▶ [Data records]:
##########
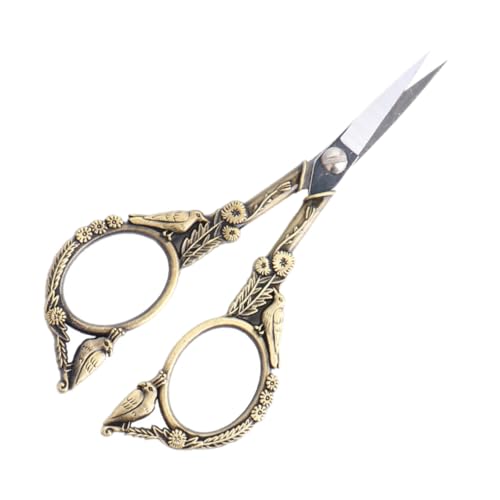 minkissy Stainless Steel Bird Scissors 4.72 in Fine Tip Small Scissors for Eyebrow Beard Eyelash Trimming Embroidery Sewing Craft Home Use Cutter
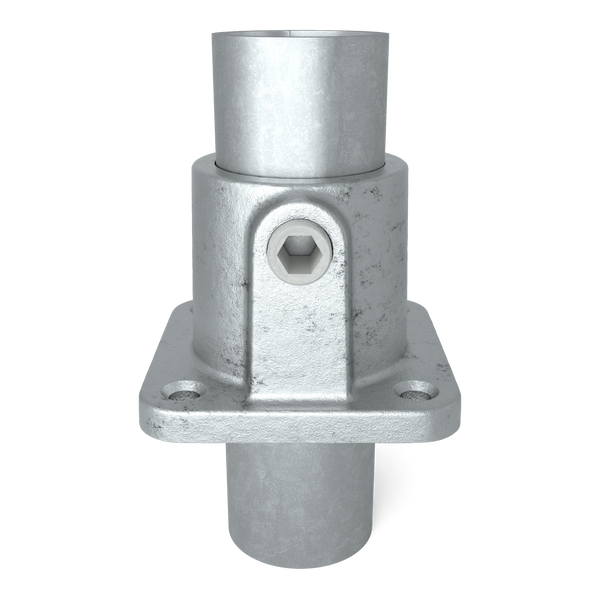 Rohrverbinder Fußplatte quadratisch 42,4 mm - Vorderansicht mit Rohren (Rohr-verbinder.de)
##########
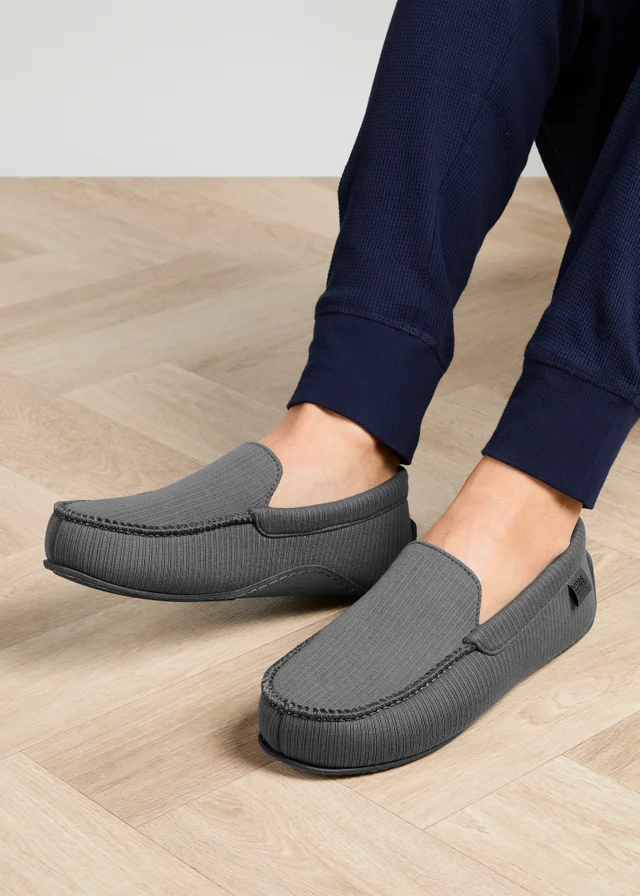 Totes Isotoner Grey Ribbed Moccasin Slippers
##########
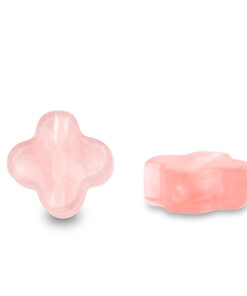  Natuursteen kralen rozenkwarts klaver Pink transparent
##########
▶ [What you will do]: Everything above from the line containing "minkissy Stainless Steel" through the line containing "Rohrverbinder Fußplatte quadratisch" must be repeated exactly, and the pictures must be left out.

▶ [Result for this task]:
 minkissy Stainless Steel Bird Scissors 4.72 in Fine Tip Small Scissors for Eyebrow Beard Eyelash Trimming Embroidery Sewing Craft Home Use Cutter
 Rohrverbinder Fußplatte quadratisch 42,4 mm - Vorderansicht mit Rohren (Rohr-verbinder.de)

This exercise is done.